THE DATA: Begin

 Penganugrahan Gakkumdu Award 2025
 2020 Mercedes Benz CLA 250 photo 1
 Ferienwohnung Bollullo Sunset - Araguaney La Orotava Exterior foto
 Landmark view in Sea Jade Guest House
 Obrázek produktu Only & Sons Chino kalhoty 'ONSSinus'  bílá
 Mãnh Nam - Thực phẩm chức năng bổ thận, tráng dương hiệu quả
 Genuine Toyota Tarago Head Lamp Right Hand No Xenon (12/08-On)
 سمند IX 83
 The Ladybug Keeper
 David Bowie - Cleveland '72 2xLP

THE DATA: End

WORK ORDER> Exact copies of the lines from the one containing "Mãnh Nam - Thực" through the end of the listing, both included, are the only thing wanted.

ANSWER>
 Mãnh Nam - Thực phẩm chức năng bổ thận, tráng dương hiệu quả
 Genuine Toyota Tarago Head Lamp Right Hand No Xenon (12/08-On)
 سمند IX 83
 The Ladybug Keeper
 David Bowie - Cleveland '72 2xLP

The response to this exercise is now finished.